START SOURCE MATERIAL

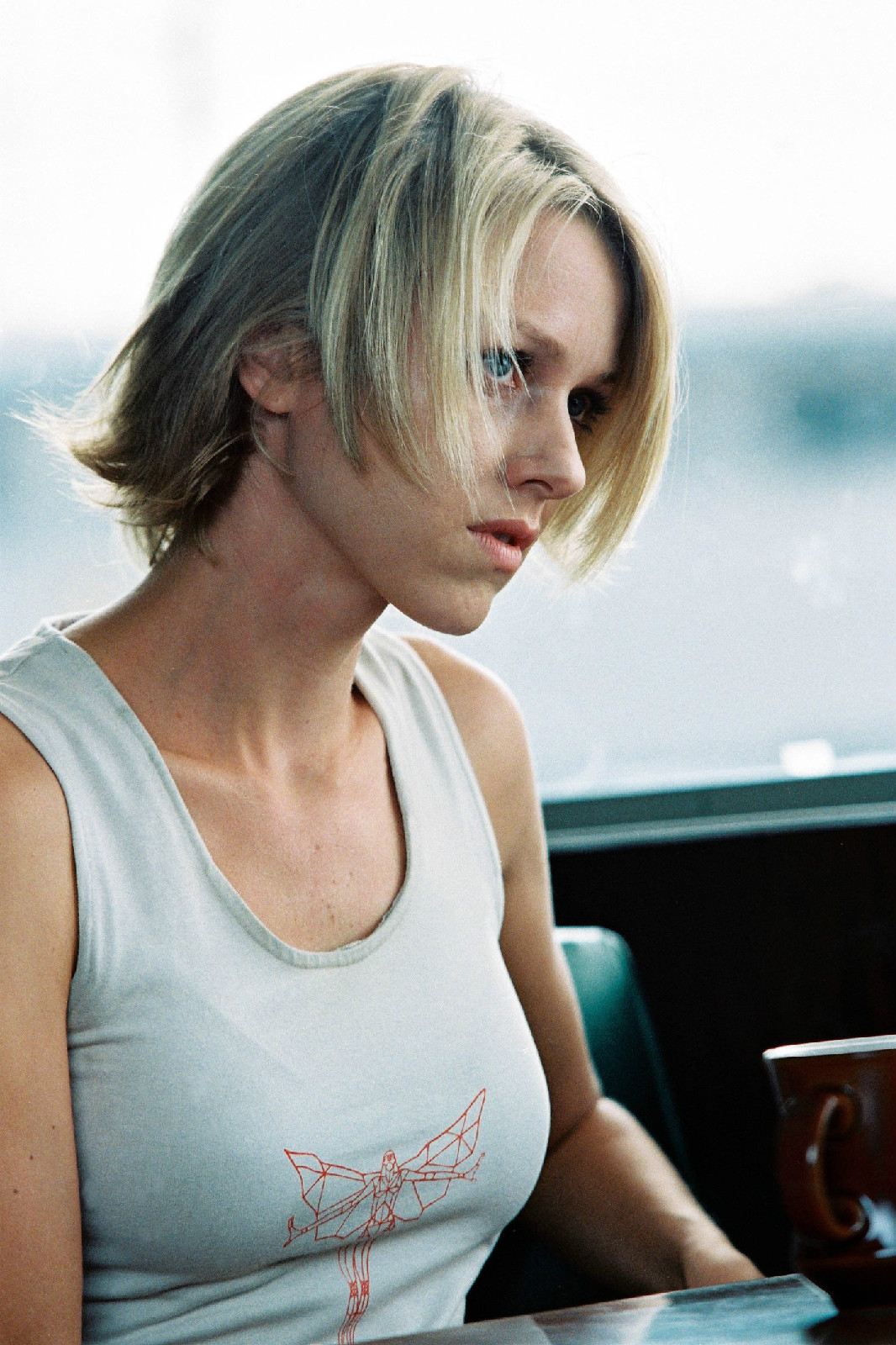 穆赫兰道mulhollanddrive(2001)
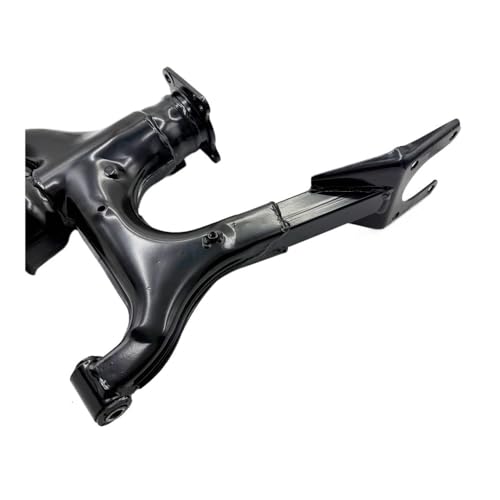 Joint support quad HS400 et ensemble complet de rechange VTT 400cc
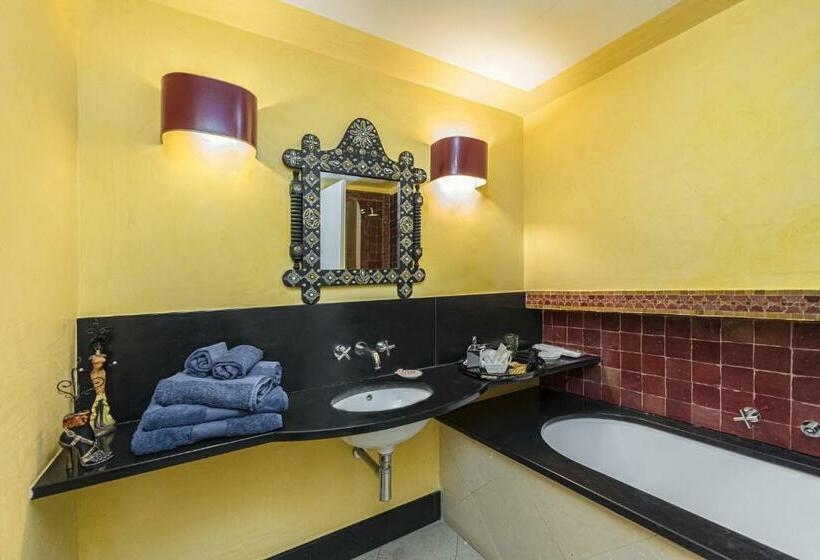 Люкс Дюплекс, Casa Bormioli   Maison De Charme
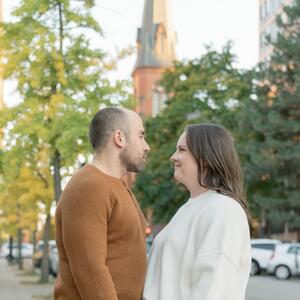 Gallery Photo 28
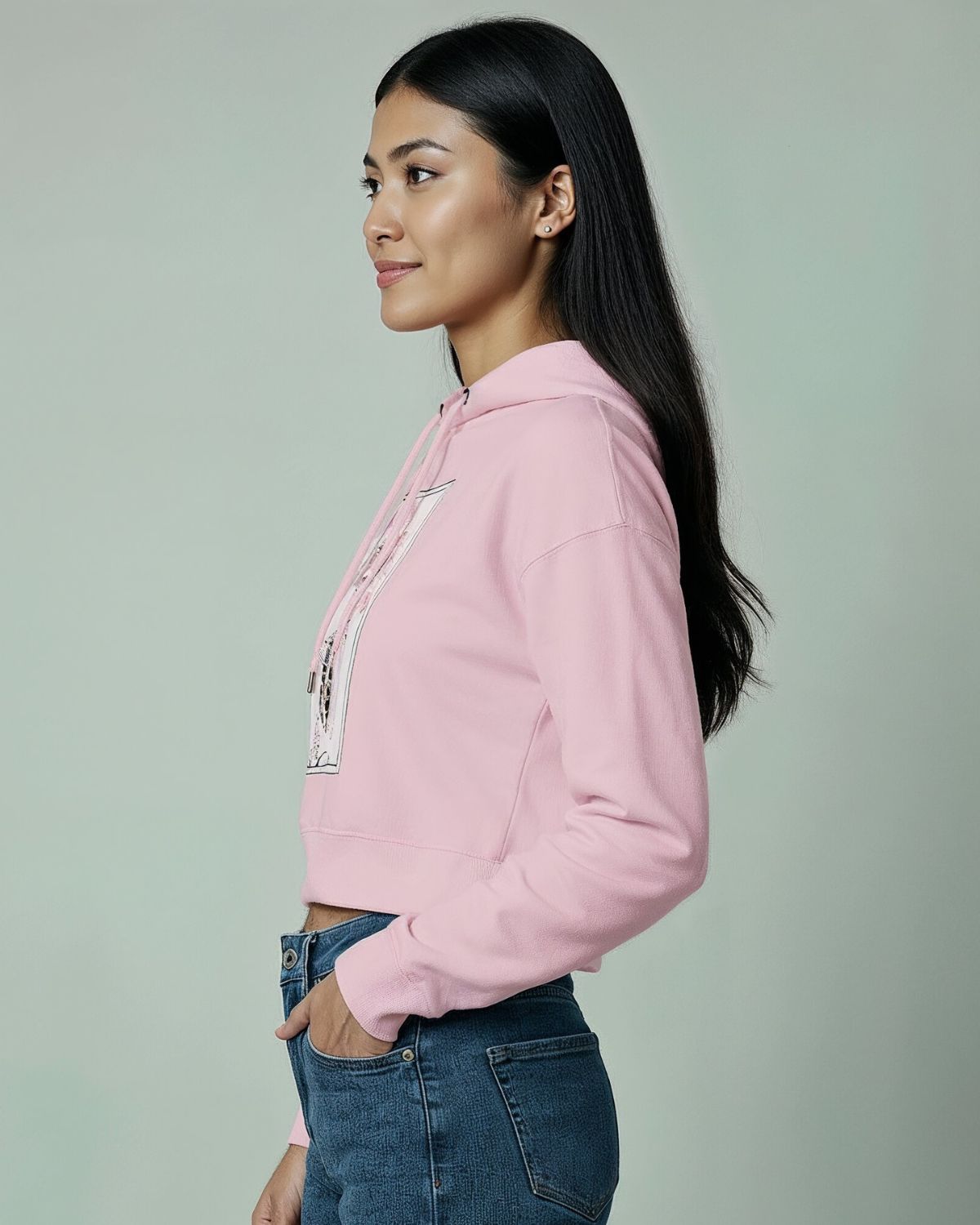 lightpink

END SOURCE MATERIAL

### [TASK DESCRIPTION]
Return exactly the lines from the line with "Люкс Дюплекс, Casa" through the last line of the data above, both included; pictures do not go in the answer.

### [YOUR RESPONSE]
 Люкс Дюплекс, Casa Bormioli   Maison De Charme
 Gallery Photo 28
 lightpink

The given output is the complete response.